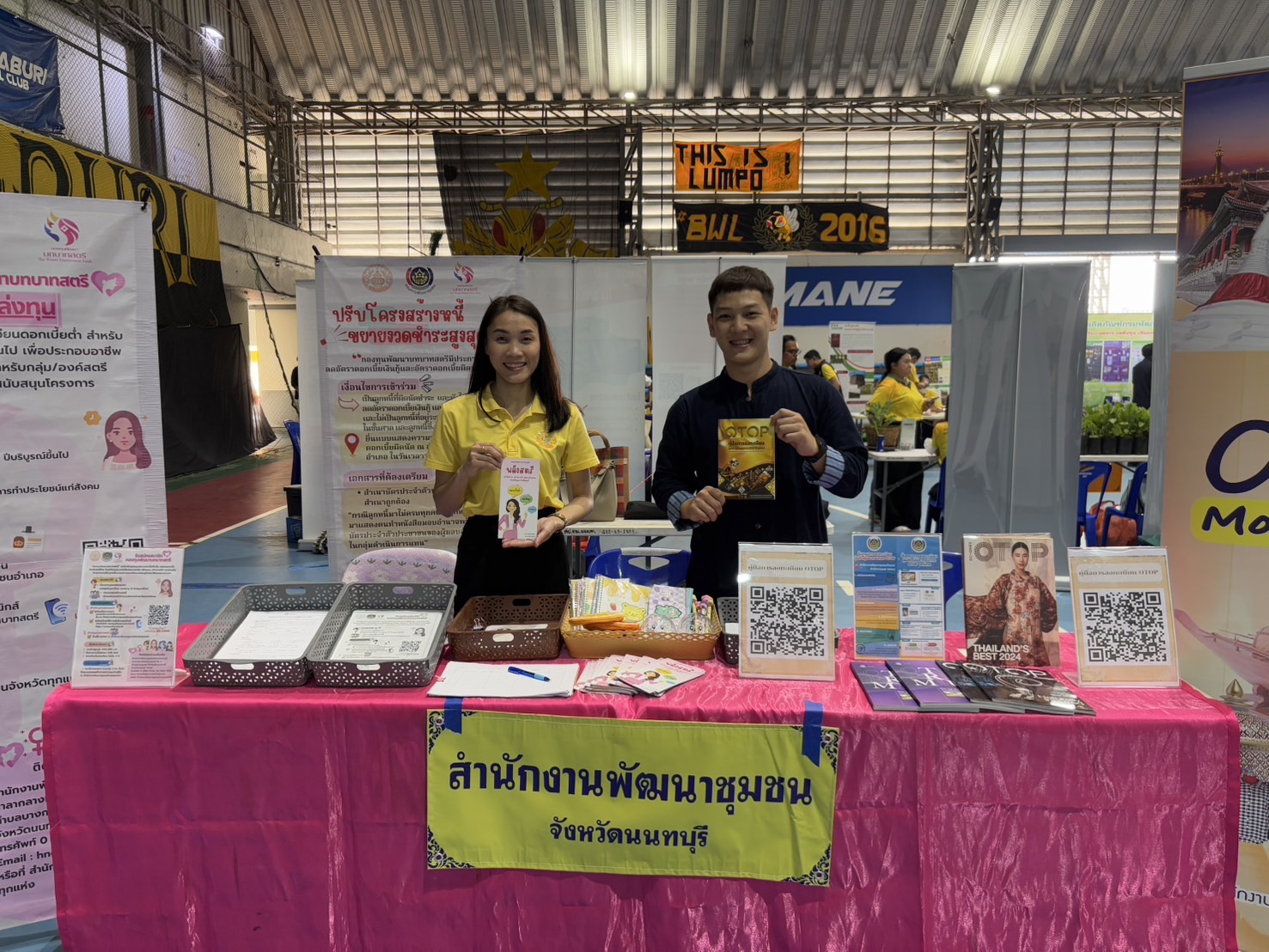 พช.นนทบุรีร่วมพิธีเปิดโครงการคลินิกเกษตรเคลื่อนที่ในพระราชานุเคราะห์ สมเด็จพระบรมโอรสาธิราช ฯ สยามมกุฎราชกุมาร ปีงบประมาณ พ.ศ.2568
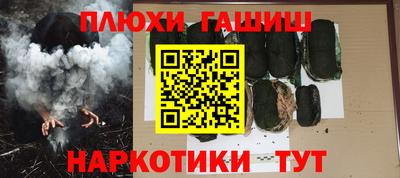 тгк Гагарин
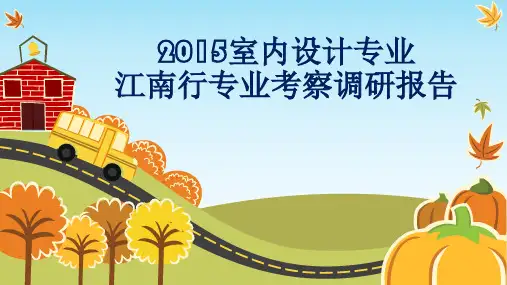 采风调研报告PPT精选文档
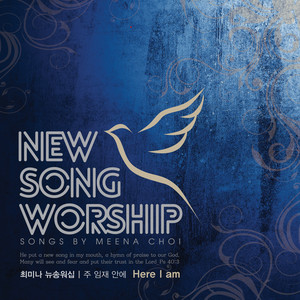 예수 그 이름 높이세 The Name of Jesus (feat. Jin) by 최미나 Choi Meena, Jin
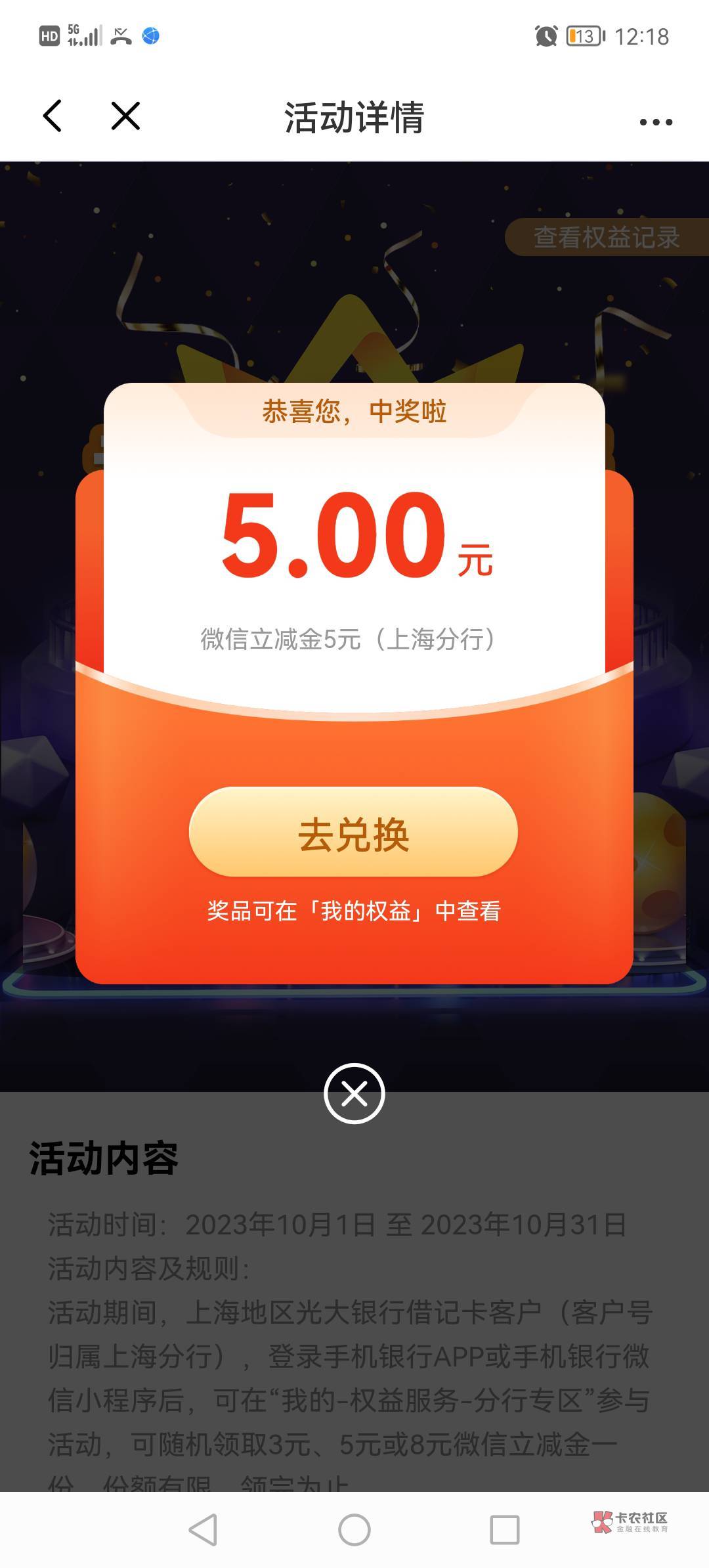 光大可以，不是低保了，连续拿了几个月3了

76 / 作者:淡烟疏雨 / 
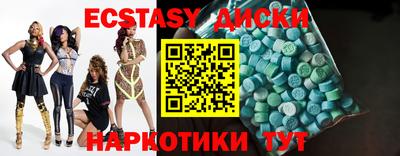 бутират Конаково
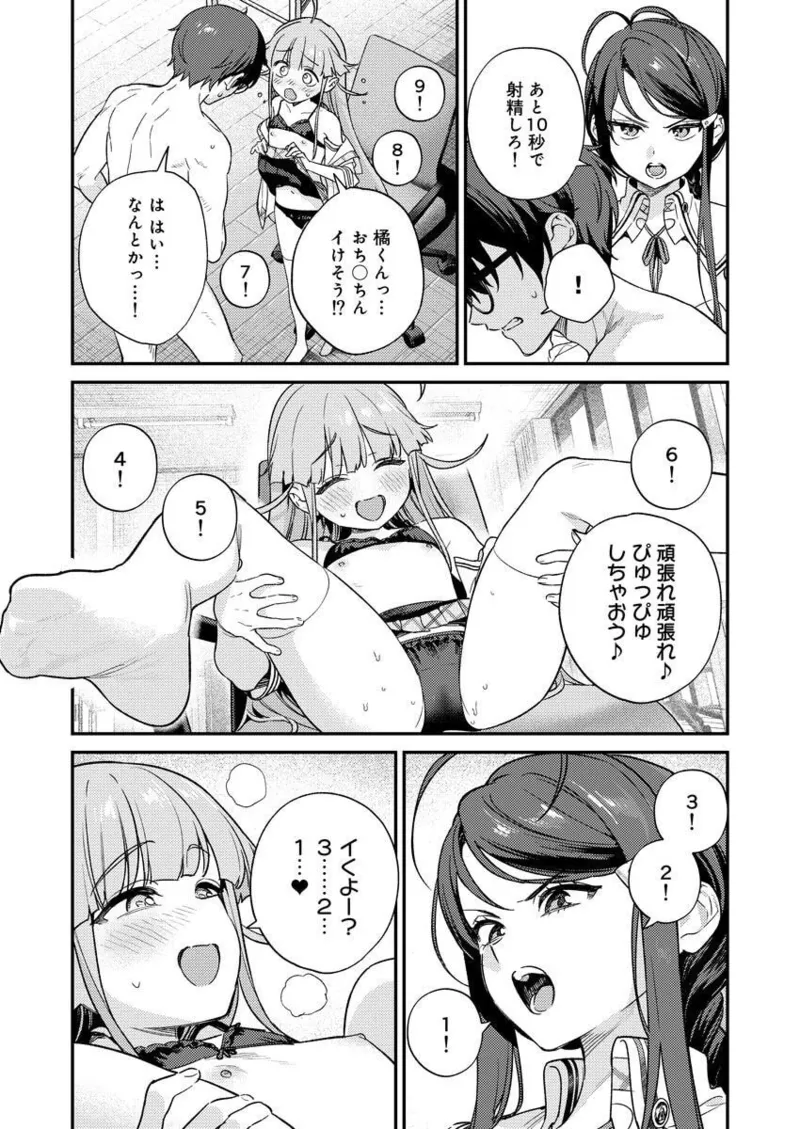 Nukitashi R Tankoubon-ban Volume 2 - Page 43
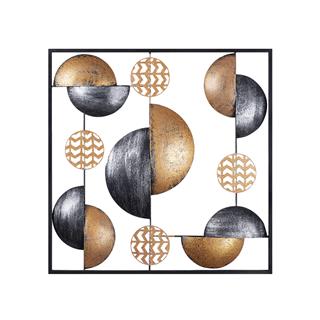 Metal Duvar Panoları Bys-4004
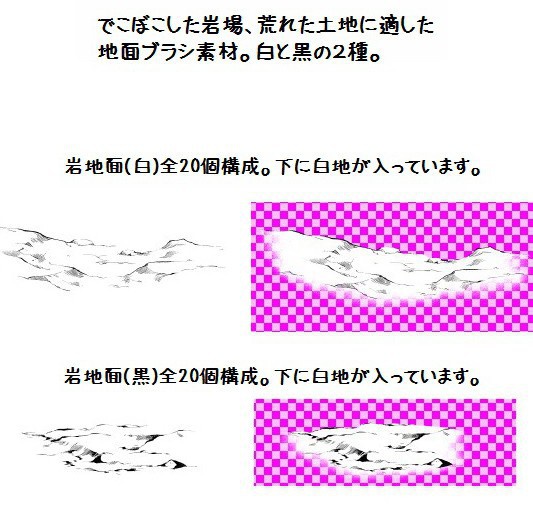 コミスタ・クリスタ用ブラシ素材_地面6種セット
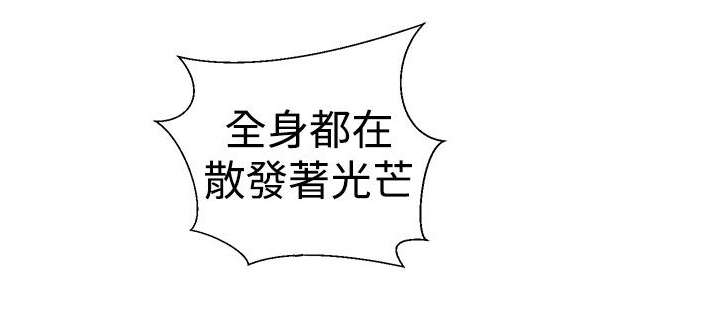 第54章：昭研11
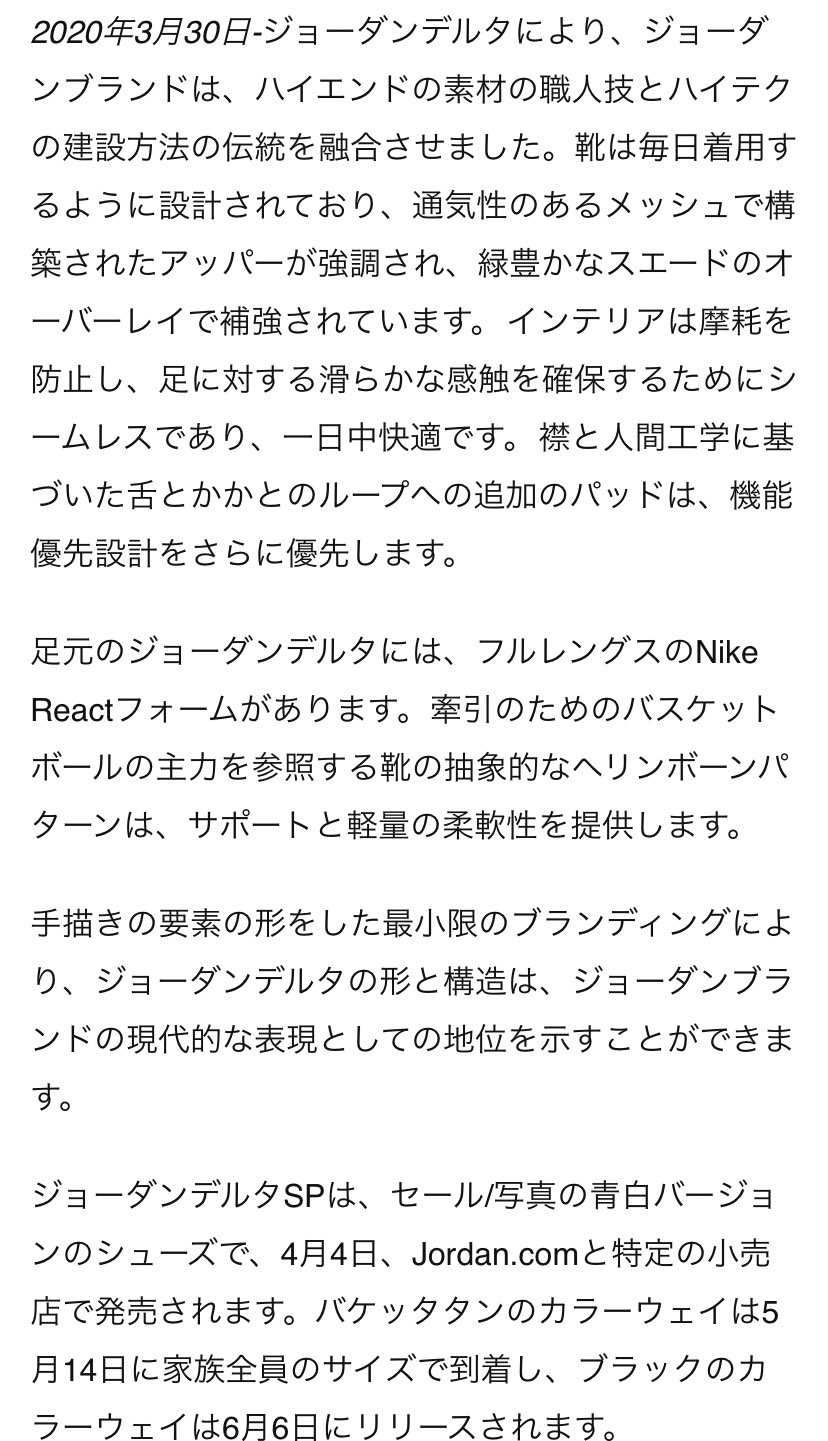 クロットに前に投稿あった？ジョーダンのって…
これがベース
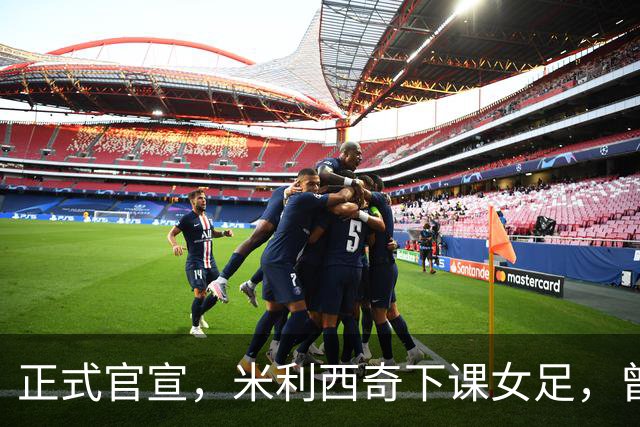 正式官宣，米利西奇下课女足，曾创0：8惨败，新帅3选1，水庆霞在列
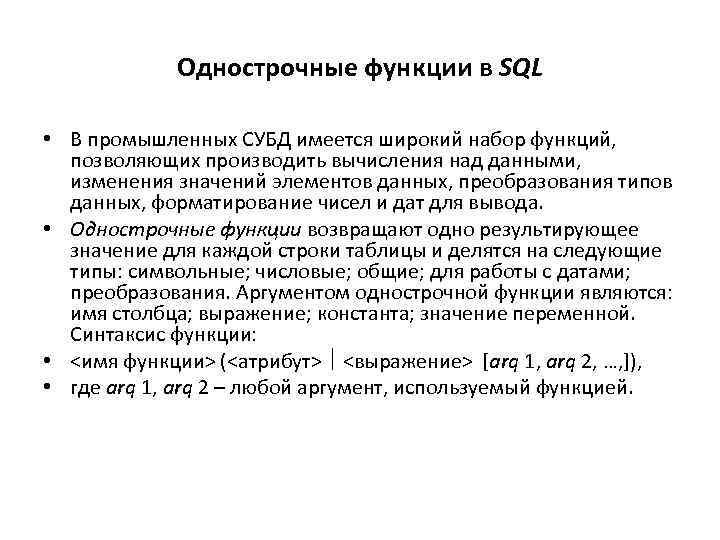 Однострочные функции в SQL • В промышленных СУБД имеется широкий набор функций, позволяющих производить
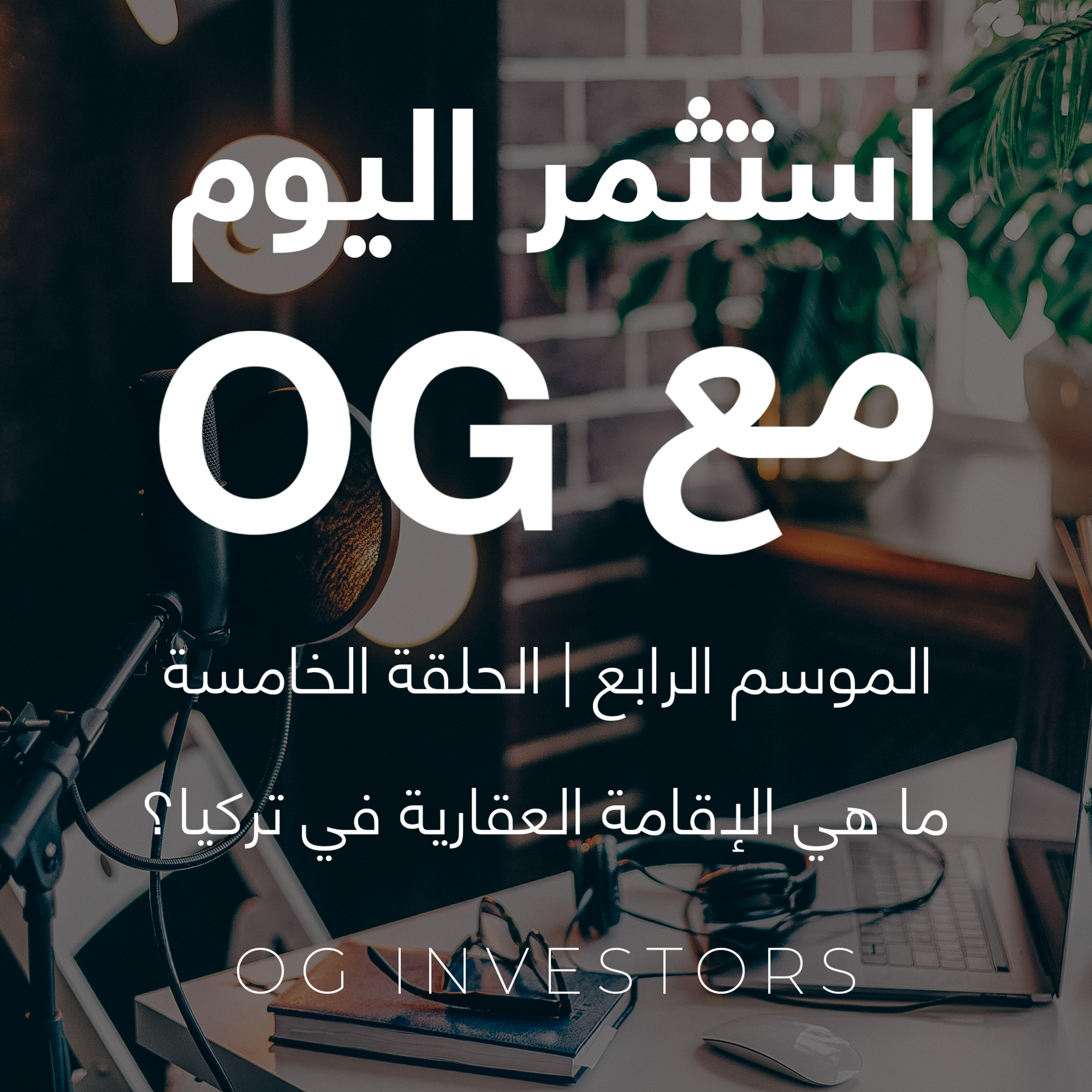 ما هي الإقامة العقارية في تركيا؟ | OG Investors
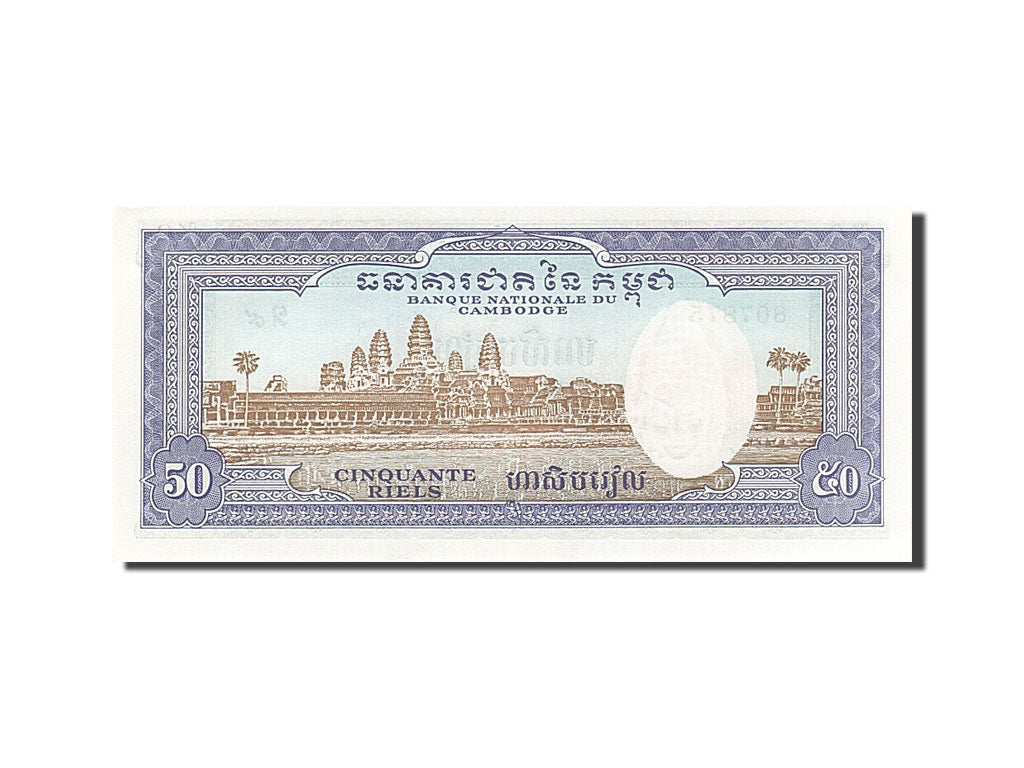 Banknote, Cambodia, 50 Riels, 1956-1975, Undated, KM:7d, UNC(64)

◇ ◇ ◇ ◇ ◇

* [YOUR TASK]: Apart from the pictures, write every entry out again exactly.

* [RESULT BELOW]:
 พช.นนทบุรีร่วมพิธีเปิดโครงการคลินิกเกษตรเคลื่อนที่ในพระราชานุเคราะห์ สมเด็จพระบรมโอรสาธิราช ฯ สยามมกุฎราชกุมาร ปีงบประมาณ พ.ศ.2568
 тгк Гагарин
 采风调研报告PPT精选文档
 예수 그 이름 높이세 The Name of Jesus (feat. Jin) by 최미나 Choi Meena, Jin
 光大可以，不是低保了，连续拿了几个月3了

76 / 作者:淡烟疏雨 / 
 бутират Конаково
 Nukitashi R Tankoubon-ban Volume 2 - Page 43
 Metal Duvar Panoları Bys-4004
 コミスタ・クリスタ用ブラシ素材_地面6種セット
 第54章：昭研11
 クロットに前に投稿あった？ジョーダンのって…
これがベース
 正式官宣，米利西奇下课女足，曾创0：8惨败，新帅3选1，水庆霞在列
 Однострочные функции в SQL • В промышленных СУБД имеется широкий набор функций, позволяющих производить
 ما هي الإقامة العقارية في تركيا؟ | OG Investors
 Banknote, Cambodia, 50 Riels, 1956-1975, Undated, KM:7d, UNC(64)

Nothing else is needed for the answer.